Levine on Capra

   

Throughout the films of the Depression it was the city, as the representative of modernity, that corrupted the traditional dream and fouled the promise of America; the city that spawned the amoral men and fallen women of the gangster films; the city that formed the backdrop for the glittering but empty antics of the glamorous men and women of the decade's screwball comedies.

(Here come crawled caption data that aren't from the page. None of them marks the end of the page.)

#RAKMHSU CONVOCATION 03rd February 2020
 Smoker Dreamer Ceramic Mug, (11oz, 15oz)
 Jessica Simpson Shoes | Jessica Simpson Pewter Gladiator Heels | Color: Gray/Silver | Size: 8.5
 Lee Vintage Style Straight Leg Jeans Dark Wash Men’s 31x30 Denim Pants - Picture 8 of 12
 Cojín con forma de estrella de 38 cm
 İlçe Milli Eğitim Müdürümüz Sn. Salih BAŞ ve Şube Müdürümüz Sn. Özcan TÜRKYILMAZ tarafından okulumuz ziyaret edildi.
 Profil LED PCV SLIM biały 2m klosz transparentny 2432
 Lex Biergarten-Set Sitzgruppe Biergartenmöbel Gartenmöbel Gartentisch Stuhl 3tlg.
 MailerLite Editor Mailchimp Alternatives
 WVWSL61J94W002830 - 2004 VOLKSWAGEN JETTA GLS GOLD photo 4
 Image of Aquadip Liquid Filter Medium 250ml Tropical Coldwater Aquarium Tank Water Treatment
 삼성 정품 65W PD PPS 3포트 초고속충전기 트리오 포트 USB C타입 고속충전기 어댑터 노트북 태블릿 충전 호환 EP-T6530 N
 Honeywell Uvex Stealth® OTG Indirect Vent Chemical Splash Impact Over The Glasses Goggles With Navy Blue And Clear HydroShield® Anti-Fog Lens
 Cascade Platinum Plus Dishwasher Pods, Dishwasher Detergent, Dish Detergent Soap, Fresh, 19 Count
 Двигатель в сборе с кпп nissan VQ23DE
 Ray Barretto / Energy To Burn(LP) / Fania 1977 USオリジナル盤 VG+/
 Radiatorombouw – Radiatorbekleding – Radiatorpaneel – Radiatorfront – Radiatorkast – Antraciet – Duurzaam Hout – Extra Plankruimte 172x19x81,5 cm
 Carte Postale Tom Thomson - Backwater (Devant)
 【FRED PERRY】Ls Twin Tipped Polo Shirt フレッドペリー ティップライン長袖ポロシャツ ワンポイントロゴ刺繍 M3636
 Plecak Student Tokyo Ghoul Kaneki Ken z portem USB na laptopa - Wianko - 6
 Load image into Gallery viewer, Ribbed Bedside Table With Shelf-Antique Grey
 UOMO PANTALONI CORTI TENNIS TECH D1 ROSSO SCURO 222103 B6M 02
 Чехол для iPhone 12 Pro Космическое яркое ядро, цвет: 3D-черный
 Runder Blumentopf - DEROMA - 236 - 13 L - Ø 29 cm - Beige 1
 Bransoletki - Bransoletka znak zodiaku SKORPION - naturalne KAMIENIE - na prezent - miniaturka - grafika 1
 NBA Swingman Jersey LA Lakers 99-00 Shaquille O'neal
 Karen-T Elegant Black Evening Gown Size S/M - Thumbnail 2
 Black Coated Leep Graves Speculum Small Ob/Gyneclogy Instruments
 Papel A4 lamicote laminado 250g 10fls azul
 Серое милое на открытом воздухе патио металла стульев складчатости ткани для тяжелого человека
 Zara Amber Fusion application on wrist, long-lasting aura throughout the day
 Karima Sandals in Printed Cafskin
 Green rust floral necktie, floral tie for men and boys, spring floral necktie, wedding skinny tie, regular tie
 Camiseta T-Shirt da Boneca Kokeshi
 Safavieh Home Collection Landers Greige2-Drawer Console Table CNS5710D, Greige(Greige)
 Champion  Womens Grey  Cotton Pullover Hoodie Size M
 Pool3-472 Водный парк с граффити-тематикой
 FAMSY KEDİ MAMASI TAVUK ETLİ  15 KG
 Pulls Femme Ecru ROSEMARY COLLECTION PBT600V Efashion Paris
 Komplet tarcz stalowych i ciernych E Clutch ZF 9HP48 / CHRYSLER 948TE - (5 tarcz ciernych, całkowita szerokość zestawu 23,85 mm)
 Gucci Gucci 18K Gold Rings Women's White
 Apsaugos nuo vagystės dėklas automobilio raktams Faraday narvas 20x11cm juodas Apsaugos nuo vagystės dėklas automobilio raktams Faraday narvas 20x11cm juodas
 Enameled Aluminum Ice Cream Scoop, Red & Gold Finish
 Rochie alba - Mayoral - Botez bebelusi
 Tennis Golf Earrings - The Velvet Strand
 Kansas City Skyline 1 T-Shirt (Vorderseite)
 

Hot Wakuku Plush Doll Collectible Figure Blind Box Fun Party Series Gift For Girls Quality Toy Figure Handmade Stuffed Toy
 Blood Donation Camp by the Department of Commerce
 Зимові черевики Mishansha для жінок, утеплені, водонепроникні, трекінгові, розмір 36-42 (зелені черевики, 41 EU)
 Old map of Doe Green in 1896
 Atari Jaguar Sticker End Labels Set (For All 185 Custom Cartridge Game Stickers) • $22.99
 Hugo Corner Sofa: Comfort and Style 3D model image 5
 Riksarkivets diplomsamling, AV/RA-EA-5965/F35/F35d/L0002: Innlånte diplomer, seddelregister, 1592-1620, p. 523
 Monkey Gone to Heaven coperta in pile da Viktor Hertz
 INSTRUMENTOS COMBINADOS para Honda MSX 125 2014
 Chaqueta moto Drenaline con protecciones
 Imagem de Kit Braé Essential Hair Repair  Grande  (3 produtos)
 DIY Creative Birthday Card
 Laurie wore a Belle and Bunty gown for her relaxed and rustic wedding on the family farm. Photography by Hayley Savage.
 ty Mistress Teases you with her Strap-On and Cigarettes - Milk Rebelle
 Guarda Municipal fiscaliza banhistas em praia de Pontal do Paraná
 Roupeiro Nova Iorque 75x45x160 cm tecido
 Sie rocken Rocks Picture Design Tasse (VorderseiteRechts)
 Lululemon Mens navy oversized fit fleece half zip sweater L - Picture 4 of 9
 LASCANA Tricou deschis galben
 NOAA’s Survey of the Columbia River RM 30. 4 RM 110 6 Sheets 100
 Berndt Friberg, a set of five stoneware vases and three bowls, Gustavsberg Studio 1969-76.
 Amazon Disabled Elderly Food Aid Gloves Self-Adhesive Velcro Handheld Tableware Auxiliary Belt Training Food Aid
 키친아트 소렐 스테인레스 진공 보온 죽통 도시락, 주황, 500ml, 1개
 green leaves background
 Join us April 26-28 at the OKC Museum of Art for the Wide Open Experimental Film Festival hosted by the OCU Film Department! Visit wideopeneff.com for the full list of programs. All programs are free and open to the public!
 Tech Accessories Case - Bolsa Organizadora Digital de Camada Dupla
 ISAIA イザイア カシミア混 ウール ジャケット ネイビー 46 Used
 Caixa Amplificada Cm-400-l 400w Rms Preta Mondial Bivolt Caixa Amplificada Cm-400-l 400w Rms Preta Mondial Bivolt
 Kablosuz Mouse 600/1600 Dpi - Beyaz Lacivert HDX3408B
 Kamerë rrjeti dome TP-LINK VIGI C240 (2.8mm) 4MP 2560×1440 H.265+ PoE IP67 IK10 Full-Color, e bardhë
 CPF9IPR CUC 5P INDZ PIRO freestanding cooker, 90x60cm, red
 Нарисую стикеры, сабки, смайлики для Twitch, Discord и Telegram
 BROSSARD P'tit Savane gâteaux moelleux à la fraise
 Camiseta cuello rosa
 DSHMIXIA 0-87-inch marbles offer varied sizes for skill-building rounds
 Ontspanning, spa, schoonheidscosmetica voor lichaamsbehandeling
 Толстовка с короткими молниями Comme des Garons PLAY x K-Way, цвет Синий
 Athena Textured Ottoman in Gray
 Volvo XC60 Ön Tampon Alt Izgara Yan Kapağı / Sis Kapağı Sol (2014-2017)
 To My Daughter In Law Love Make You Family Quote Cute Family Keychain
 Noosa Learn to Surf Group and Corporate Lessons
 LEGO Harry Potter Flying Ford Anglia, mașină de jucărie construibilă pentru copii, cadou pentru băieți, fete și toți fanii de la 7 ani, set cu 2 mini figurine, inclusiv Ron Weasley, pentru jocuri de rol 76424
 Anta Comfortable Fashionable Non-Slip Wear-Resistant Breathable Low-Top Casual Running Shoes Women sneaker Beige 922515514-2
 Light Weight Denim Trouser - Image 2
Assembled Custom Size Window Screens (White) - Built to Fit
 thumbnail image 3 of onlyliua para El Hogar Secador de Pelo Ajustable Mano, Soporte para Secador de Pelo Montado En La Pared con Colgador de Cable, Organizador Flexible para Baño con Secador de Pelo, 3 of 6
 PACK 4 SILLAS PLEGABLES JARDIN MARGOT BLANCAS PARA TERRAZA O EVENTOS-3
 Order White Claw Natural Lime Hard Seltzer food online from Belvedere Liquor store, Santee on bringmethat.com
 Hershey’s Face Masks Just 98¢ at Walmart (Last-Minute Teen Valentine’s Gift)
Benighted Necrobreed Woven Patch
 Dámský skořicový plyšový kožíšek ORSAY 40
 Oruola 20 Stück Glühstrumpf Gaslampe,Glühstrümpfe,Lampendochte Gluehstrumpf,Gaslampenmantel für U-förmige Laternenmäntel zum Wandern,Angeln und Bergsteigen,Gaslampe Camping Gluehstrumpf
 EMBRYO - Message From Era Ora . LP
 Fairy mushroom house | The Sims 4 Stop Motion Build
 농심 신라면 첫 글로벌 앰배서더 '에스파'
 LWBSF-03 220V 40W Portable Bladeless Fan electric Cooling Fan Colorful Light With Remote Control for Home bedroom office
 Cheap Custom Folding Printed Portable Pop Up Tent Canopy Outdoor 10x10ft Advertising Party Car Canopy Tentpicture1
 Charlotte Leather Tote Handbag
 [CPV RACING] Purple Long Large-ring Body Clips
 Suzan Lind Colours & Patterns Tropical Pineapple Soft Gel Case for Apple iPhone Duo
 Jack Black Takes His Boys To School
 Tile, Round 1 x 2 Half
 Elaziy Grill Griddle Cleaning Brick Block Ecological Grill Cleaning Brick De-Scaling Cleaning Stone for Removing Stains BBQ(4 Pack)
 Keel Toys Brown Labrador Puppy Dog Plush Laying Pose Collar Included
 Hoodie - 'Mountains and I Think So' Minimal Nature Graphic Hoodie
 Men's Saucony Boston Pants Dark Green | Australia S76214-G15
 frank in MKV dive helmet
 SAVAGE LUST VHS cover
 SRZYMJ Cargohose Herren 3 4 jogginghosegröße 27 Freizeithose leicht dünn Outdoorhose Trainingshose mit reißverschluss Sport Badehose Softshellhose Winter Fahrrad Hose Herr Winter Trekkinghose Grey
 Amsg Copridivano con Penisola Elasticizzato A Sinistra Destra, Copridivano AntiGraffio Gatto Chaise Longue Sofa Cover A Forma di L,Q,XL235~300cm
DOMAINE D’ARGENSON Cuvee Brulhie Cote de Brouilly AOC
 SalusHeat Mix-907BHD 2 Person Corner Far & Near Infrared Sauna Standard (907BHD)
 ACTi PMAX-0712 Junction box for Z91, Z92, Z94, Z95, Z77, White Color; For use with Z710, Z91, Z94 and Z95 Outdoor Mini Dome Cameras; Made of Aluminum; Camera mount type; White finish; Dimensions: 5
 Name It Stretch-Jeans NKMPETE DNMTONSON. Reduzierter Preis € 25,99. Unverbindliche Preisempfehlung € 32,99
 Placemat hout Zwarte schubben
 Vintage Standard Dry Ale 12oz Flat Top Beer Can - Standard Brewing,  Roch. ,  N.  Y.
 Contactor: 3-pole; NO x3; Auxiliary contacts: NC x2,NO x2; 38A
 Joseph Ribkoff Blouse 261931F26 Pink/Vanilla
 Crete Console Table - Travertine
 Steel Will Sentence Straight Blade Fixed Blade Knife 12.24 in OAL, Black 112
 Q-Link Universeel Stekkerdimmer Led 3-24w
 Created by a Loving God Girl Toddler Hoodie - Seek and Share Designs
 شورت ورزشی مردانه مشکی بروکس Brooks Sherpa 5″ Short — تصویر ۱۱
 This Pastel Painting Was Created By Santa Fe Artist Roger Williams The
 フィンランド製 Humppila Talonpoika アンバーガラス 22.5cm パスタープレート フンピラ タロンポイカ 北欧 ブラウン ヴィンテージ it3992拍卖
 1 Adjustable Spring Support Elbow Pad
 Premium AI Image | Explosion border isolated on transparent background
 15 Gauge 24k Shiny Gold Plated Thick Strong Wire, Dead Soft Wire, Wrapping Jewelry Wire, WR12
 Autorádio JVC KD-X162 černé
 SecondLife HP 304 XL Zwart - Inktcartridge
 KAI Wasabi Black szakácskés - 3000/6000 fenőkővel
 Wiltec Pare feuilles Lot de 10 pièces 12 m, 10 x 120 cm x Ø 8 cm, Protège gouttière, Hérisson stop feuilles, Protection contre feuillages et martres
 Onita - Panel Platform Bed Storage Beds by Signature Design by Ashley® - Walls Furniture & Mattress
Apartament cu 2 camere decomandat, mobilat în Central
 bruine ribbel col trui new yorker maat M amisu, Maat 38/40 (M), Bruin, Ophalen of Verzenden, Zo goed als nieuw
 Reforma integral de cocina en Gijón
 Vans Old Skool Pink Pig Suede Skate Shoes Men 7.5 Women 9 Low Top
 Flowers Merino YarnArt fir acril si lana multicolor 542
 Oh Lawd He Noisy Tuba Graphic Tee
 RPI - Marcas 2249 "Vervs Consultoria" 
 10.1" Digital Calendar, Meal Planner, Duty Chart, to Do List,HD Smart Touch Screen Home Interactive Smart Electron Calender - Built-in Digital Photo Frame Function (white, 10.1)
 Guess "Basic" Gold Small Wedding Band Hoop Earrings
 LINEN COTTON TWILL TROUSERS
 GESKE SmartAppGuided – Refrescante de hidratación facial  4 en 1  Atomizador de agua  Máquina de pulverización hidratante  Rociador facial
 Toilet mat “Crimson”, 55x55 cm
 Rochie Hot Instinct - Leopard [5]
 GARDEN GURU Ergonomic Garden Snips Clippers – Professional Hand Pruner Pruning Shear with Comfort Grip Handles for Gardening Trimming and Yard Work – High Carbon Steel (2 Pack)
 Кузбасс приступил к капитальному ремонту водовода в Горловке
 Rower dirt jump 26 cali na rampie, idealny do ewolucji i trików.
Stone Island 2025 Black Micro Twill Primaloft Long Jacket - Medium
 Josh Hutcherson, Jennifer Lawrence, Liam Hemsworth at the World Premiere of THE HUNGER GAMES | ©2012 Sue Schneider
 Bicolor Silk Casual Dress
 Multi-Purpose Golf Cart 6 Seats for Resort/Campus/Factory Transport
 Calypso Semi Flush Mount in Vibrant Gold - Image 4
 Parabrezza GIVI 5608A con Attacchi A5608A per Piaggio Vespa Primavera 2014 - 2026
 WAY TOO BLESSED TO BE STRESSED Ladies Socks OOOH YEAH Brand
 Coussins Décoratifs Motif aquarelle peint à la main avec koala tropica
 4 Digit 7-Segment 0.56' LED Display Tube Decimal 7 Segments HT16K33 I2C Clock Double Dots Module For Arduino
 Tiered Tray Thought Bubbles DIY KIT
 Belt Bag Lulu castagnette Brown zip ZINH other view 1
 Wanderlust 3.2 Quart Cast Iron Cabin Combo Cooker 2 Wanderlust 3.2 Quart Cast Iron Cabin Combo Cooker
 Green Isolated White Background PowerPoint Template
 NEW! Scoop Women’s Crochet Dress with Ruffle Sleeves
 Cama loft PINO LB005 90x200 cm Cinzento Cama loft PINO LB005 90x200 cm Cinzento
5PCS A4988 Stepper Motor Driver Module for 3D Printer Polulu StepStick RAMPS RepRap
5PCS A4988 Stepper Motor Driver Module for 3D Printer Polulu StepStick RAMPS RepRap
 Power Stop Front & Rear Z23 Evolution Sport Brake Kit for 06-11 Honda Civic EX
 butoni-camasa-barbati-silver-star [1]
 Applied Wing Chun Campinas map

Hollywood's Washington became a symbol of the forces

and developments that had derailed America from its

destiny and led it astray. Into the nation’s capital, troop

 a group of starry-eyed reformers from smalltown America

who quickly become the dupes or victims of the sordid,

cynical urban businessmen, journalists, politicians, and lobbyists.

 

 

Babe Bennett and Clarissa Saunders, like their counterpart

Anne Mitchell, in Meet John Doe, are drawn back to the

small-town innocence and unpretentiousness they--and

America--have somewhere lost. They had been, as Babe

puts it, "too busy being smart alecks. Too busy in a crazy competition for nothing.' But with the help of unspoiled individuals like Deeds, Smith, and Doe, whom America presumably still had in abundance, they could redeem themselves. And this is precisely what so many of Capra's--and Hollywood's--Depression films are about: redemption. As Leonard Quart has observed, Capra was not concerned with the politics of social restructuring or revolution but with the politics of conversion and moral regeneration. If the films of the early Depression flirted with the need for social change and authority, Capra's political films dealt with the need for a return to the basics of American tradition.

 

Capra's difficulties with Meet John Doe were not unique; he had difficulty finding endings for all his political films. The reason was not aesthetic; it was that the logical endings, the effective endings that flowed organically from all of the facts and details that Capra gave his audiences, were not those endings Capra wanted. In life, Tom Dixon would have lost control of his bank, or, at the very least, lost his faith in the people; in life, Longfellow Deeds would have been committed to an insane asylum or, at the very least, lost control of his millions; in life, Jefferson Smith would have been expelled from the Senate, or, at the very least, been beaten into impotent quiescence; in life, John Doe would have jumped to his death or, at the very least, faded into obscurity.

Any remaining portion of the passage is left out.